The archbishop of Canterbury has counselled broadcasters against 'cultivating ignorance' by abandoning religious programmes, claiming that such shows 'play a vital part' in fighting prejudice by teaching the public about different faiths. Justin Welby – who was ensconced as leader of the Anglican communion in March – described religious formats as 'the real reality shows' and said programmes such as ITV's Strictly Kosher and Channel Four's Islam: The Untold Story had provided 'considerable insights' into the faiths they documented. He said that although reality TV programmes such as Castaway and I'm A Z-List Former Celebrity Desperate To Get My Boat-Race Back On TV ... Please Vote For Me To Stay Here As Long As Possible (I'll Even Eat Worms If You Want) thrived on putting 'ordinary people in extraordinary circumstances,' the genre could also be 'profoundly educational.' Welby told the Radio Times: 'For adults over a certain age who received little in the way of religious education at school – especially of an inter-faith variety – religious broadcasting is likely to be their best guide to the different faiths, not just of the people they see on the news but of the people they meet at the school gates, or queue next to at the post office.' He added: 'It's essential that we support broadcasting that teaches us about those around us. The marvellous portrait of Manchester's Jewish community in ITV's Strictly Kosher is one example of how the media can help us to see the people around us as they really are. 'Likewise, Channel Four's Islam: The Untold Story gave viewers an opportunity to appreciate the rich and fascinating history of the Muslim faith.' Welby said true reality shows told stories 'in a way that celebrates the full scope of what it means to be human.' He also rejected suggestions that faith should be seen as a purely private concern. 'Some people these days firmly believe that faith and religious life should be kept behind closed doors,' he said. 'But if broadcasters were also to adopt the view that religion is something separate and private, rather than stitched into our public life, then we could set off down a dangerous road. We would be cultivating ignorance where what we need is insight, and prejudice where we most badly need open minds.' In an increasingly multicultural society, he added, 'knowing, understanding and celebrating the faiths of our neighbours will help us all to flourish.'

Channel Four broke the broadcasting code when running an advert which appeared to 'make light' of a rape scene in the film The Girl With The Dragon Tattoo, the media regulator has ruled. The broadcaster cut to an advert break following a graphic scene of a 'disturbing rape' of the film's main character Lisbeth Salander, played by Noomi Rapace, which included a close-up of her screaming. The Phones 4U sponsorship credit immediately began with a close-up shot of a woman in bed apparently having sex. She pauses, and says: 'I'm faking it, can I upgrade?' The sponsorship credit at the end of the commercial break that led back into the film continued the sexual theme, returning to the man and the woman in bed, with the man saying: 'I've still got my pants on, can I upgrade?' Media regulator Ofcom received seventeen complaints about the Phones 4U ident – the phone retailer sponsors drama and film on Channel Four, E4 and Film 4 – which ran during the Swedish thriller when it was broadcast on 26 December.
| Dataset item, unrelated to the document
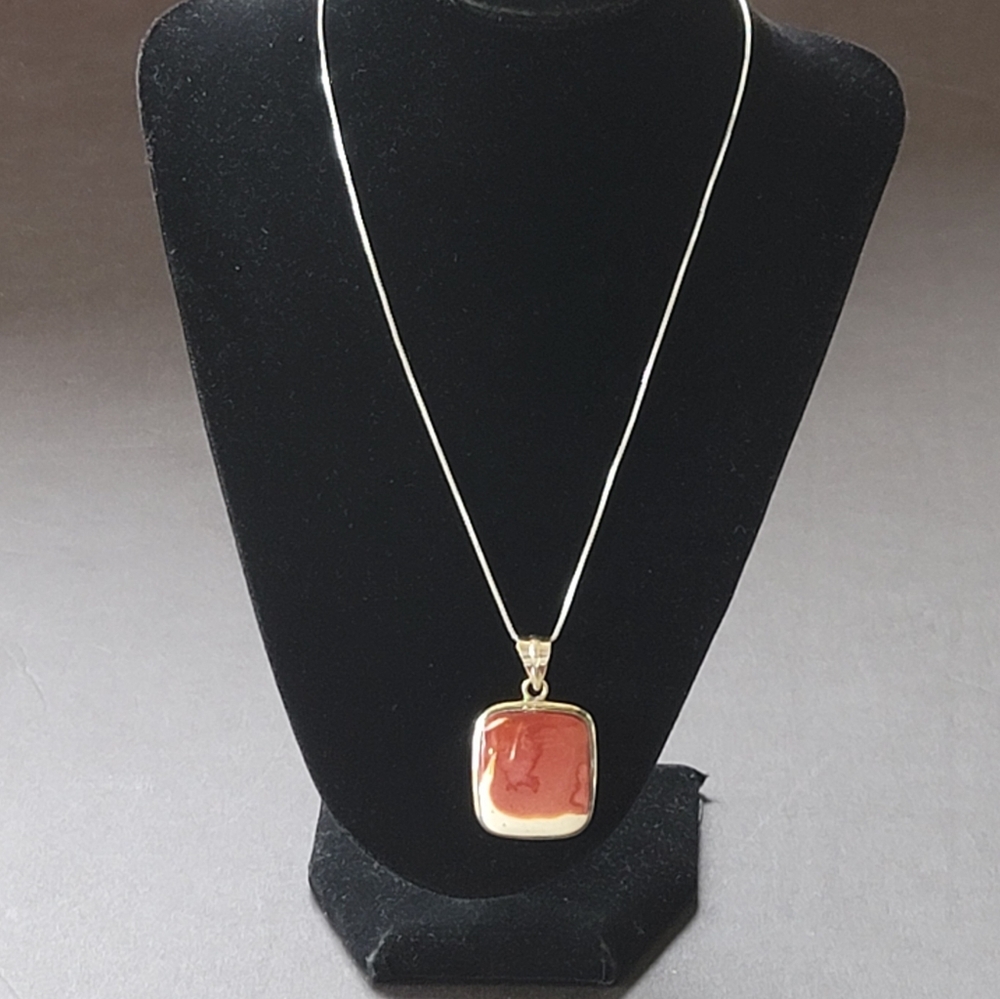 Authentic Southwest Mookaite Jasper Pendant w SS Italian Chain Necklace 18”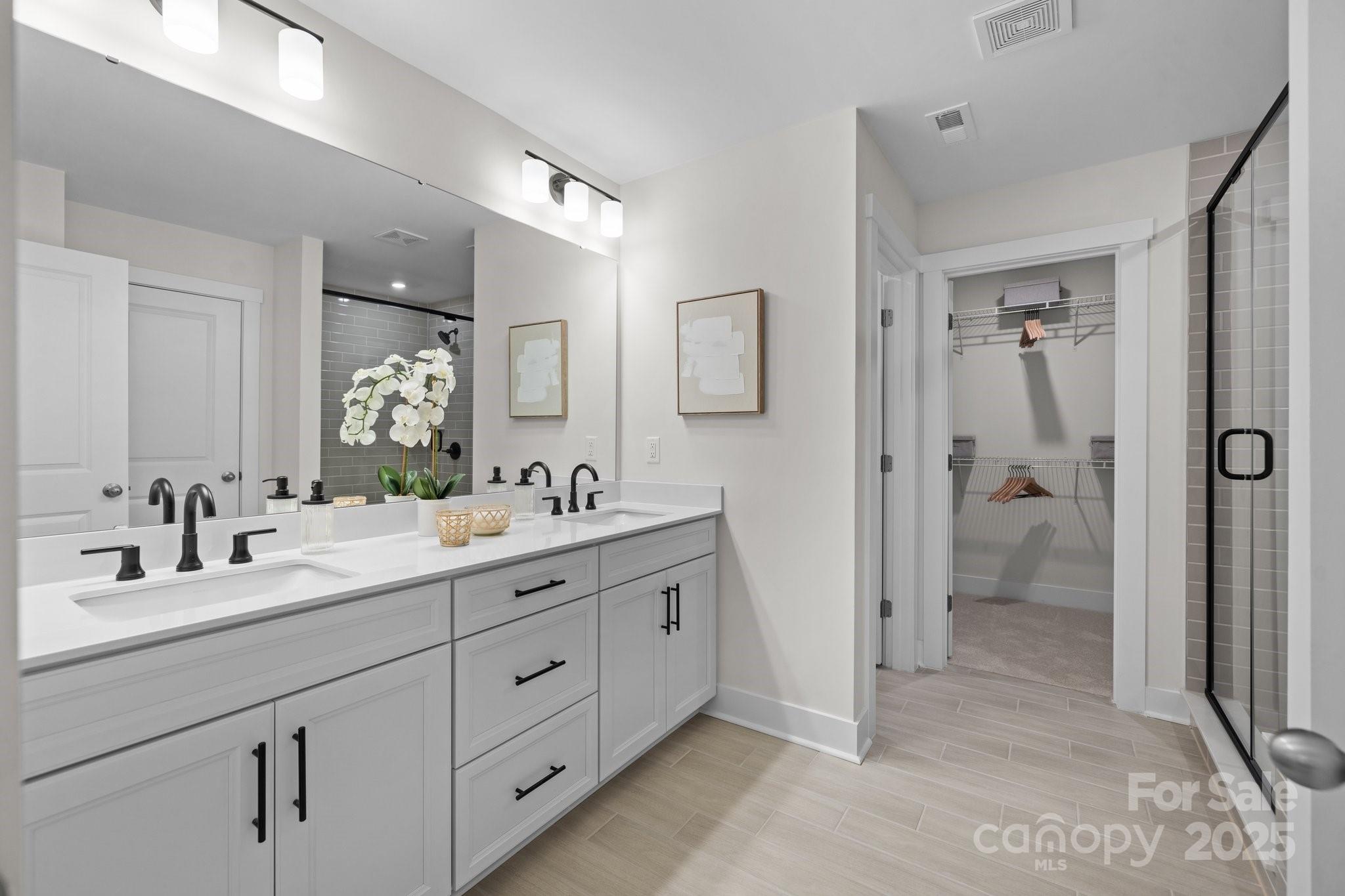 Lakeside Glen - Residential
Complainants said that the sponsorship credit was 'inappropriate' and 'belittled' the serious issues being dealt with in the film's content. The broadcaster said there were thirty seven different Phones 4U sponsorship credits and those with a more adult nature were scheduled to air after the 9pm watershed. Channel Four claimed that the idents were broadcast 'at random' and that 'unfortunately the juxtaposition between the credits and this particular film inadvertently caused offence to viewers.' Ofcom said that under the code broadcasters must take into account the scheduling of adverts to 'avoid unsuitable juxtapositions' between commercials and programmes, especially those that could distress or offend viewers. 'In this case, Ofcom considered that the juxtaposition of a light-hearted sponsorship credit featuring a woman during sex with a disturbing and distressing rape scene in a film was clearly unsuitable,' the regulator said. 'In Ofcom's view this clearly had the potential to be offensive to viewers.'

Wonder Woman is to return to UK screens on the Horror Channel. The cult 1970s drama - starring Lynda Carter as the DC Comics heroine - will be broadcast from Monday 20 May at 6pm. Further episodes will follow at a rate of two per day - at 9am and 6pm each weekday on the Horror Channel (Sky 319, Virgin 149, Freesat 138). The channel acquired the UK repeat rights to the series after securing a deal with Warner Bros International Television Distribution, according to Broadcast magazine. 'This iconic series encapsulates the spirited adventure that our audience enjoys in daytime,' said Alina Florea, director of programming, CBS Chello Zone Channels. 'We're glad to be bringing the series back to UK audiences after so many years.' Wonder Woman originally ran for three seasons between 1975 and 1979.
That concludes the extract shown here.